O Facebook analisou secretamente as ações dos seus usuários, manipulou-as, e quando finalmente a estratégia é descoberta, ele reabsorve a reação das pessoas em relação à sua ação indevida para, então, retornar ao laboratório com mais propriedade. Afinal, conforme escreveu Adorno, “a falta de consideração pelo sujeito torna as coisas fáceis para a administração”. Na natureza zuckerberguiana nada se perde, nada se cria, tudo se capitaliza! E porque não dizer: se canibaliza? Sim, trata-se de um canibalismo rede-social que se alimenta de sua própria matéria, ou seja, nossos desejos, pensamentos e sentimentos. Essa autofagia potencializa-se no fato de, segundo Adorno, “o sujeito recriar o mundo fora dele a partir dos vestígios que o mundo deixa em seus sentidos”.
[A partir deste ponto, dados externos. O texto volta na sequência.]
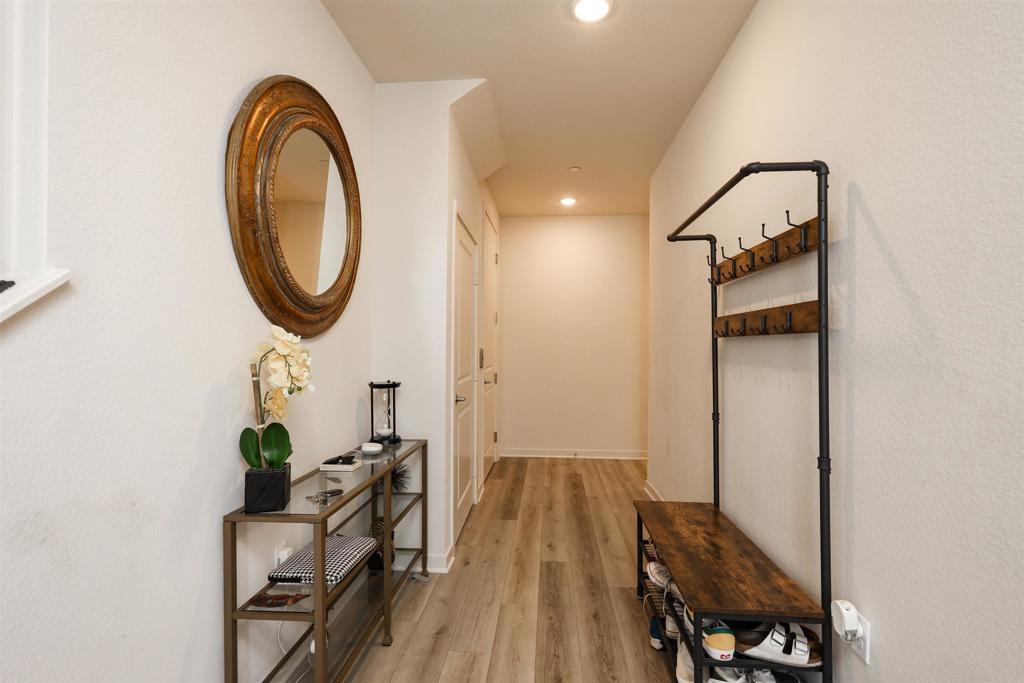 2040 Bravo Loop, Unit 5 Chula Vista, CA 91915 - Photo 43 of 58 a view of a hallway with wooden floor and a bathroom view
“Todo gozo é um abandono de si mesmo a uma outra coisa”, disseram Adorno&Horkheimer. Por consequência, a tática facebookiana subversivamente apraz a seus seguidores no sentido de que “a decisão que o indivíduo deve tomar em cada situação não precisa mais resultar de uma dolorosa dialética interna; as decisões são tomadas pela hierarquia, pelo esquema da cultura de massa”, colocaram os dois pensadores. Isso se dá, segundo eles, porque “a regressão das massas, de que hoje se fala, nada mais é senão a incapacidade de poder ouvir o imediato com os próprios ouvidos”, e de nos entregarmos cegamente às mediações objetificadoras em toda e qualquer interação a que nos propomos.

Os dois filósofos da Escola de Frankfurt há muito nos alertaram de que “o próprio acaso [já] é planejado; ele serve como álibi dos planejadores e dá a aparência de que o tecido em que se transformou a vida deixa espaço para as relações espontâneas e diretas entre os homens”. No entanto, acreditamos piamente que o acaso a Deus pertence e que as relações “espontâneas entre os homens” pertencem aos homens e às suas espontaneidades. A fortuna de Zuckerberg ri da ingenuidade de seus mais de um bilhão de usuários mundo afora. O ser humano, contudo, “só se reencontrará consigo mesmo”, dizem Adorno&Horkheimer, “quando renunciar ao último acordo com esses inimigos e tiver a ousadia de superar o falso absoluto que é a dominação cega”.